Oxford Journals is delighted to have signed a new national agreement providing higher education, government and publicly funded research institutions, state and regional libraries, and universities in Germany with online access to both the Oxford Journals Collection and Archive.

This national agreement for the German national consortium was signed by the University Library of Frankfurt, one of the German National Libraries of Humanities and Arts, and Oxford Journals. It was funded by the Deutsche Forschungsgemeinschaft (German Research Foundation) as part of their national licensing project, and replaces all existing consortia agreements in Germany.

Over 2.5 million academics, researchers, and students throughout Germany will now have online access to the Oxford Journals Collection, which comprises over 220 journals from across six subject areas and includes content dating back to 1996. This deal also provides online access to the entire Oxford Journals Archive which contains over three million journal article pages and spans over 140 years of knowledge with content from 1849 to 1995. These journal packages contain some of the world's most prestigious titles, including JNCI (Journal of the National Cancer Institute), Brain, Human Reproduction, European Heart Journal, and English Historical Review.

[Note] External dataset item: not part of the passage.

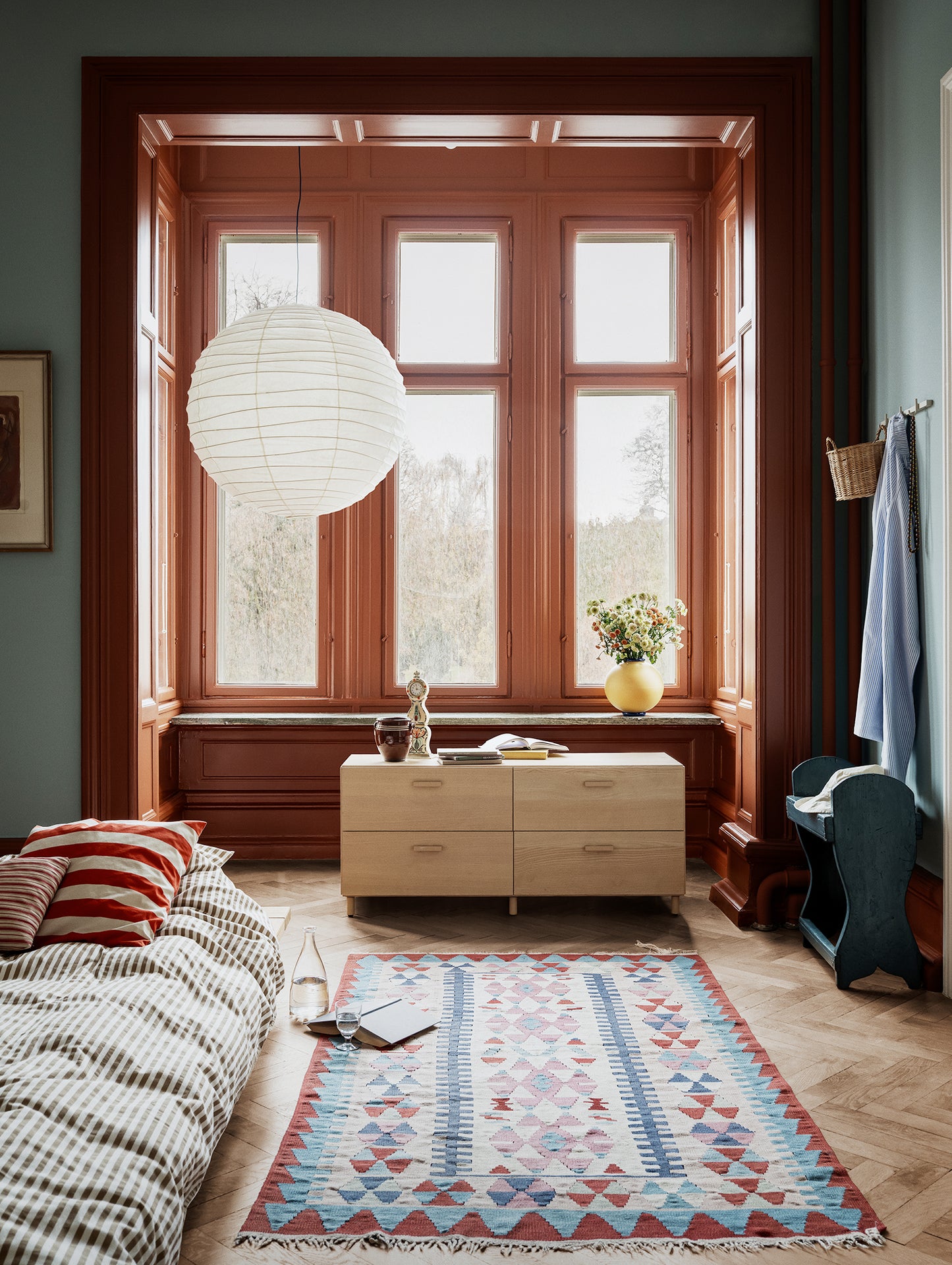 Relief Drawer with Legs- Low by String - Ash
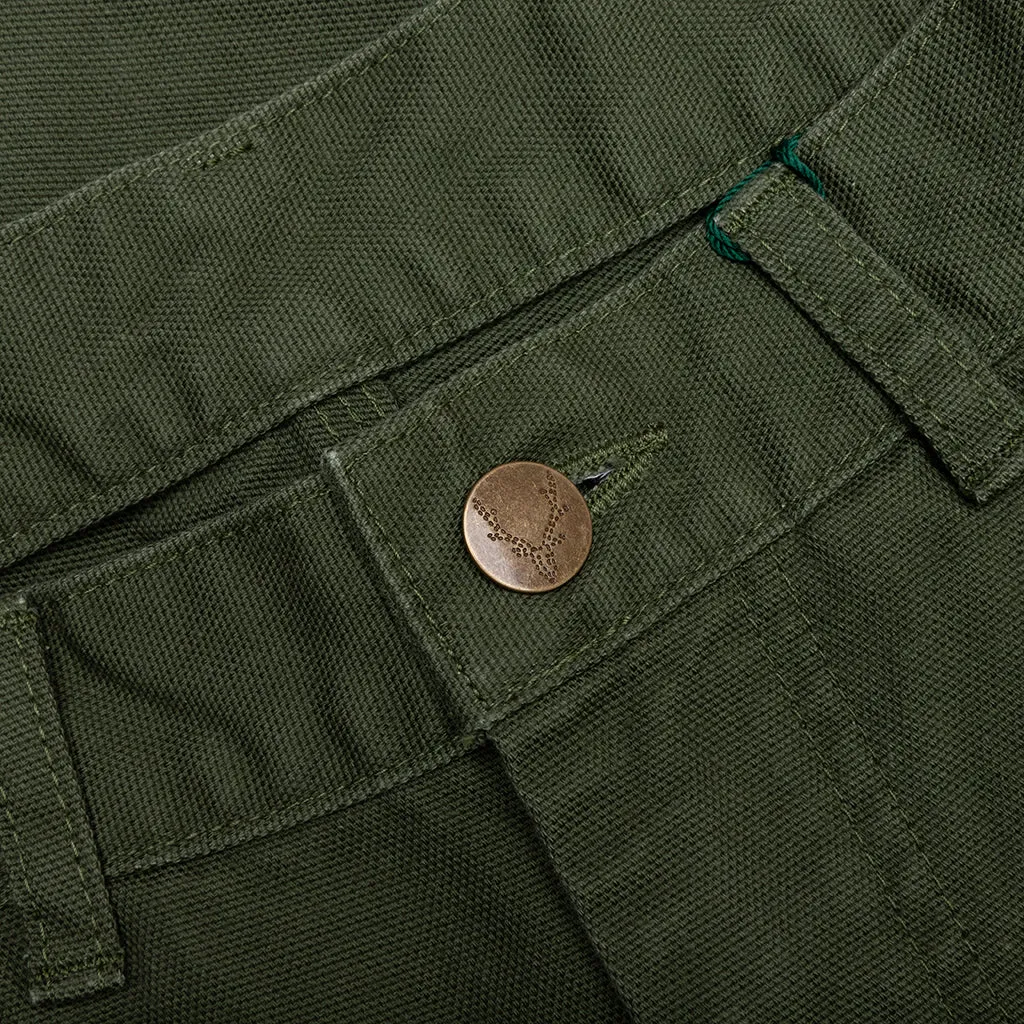 Cotton Canvas Painter Pant - Moss Green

“We are particularly excited by this agreement, and we hope it will be the first of many national contracts to be signed in Europe. As part of the largest university press in the world, we are dedicated to ensuring that high quality research is disseminated as widely as possible, and so we are delighted that this arrangement will provide so many German institutions with access to our journal content”, commented Roland Ehrenfels, Sales and Marketing Director at Oxford Journals.

Sylvia Weber, co-ordinator of the national consortium in Frankfurt, added: “We are excited to be working with Oxford University Press, and pleased that this new national agreement will enable academics and students throughout Germany to make use of OUP’s high quality content.”

ENDS

Notes to editors

For more information, please contact:

Kirsty Luff
Senior Communications and Marketing Manager, Oxford Journals
+44 (0)1865 354206

The Deutsche Forschungsgemeinschaft (German Research Foundation) is the central, self governing research funding organisation that promotes research at universities and other publicly financed research institutions in Germany. The DFG serves all branches of science and the humanities by funding research projects and facilitating cooperation among researchers. DFG membership is made up of German universities, non-university research institutions, scientific associations as well as the Academies of Science and Humanities. For more information, please visit www.dfg.de.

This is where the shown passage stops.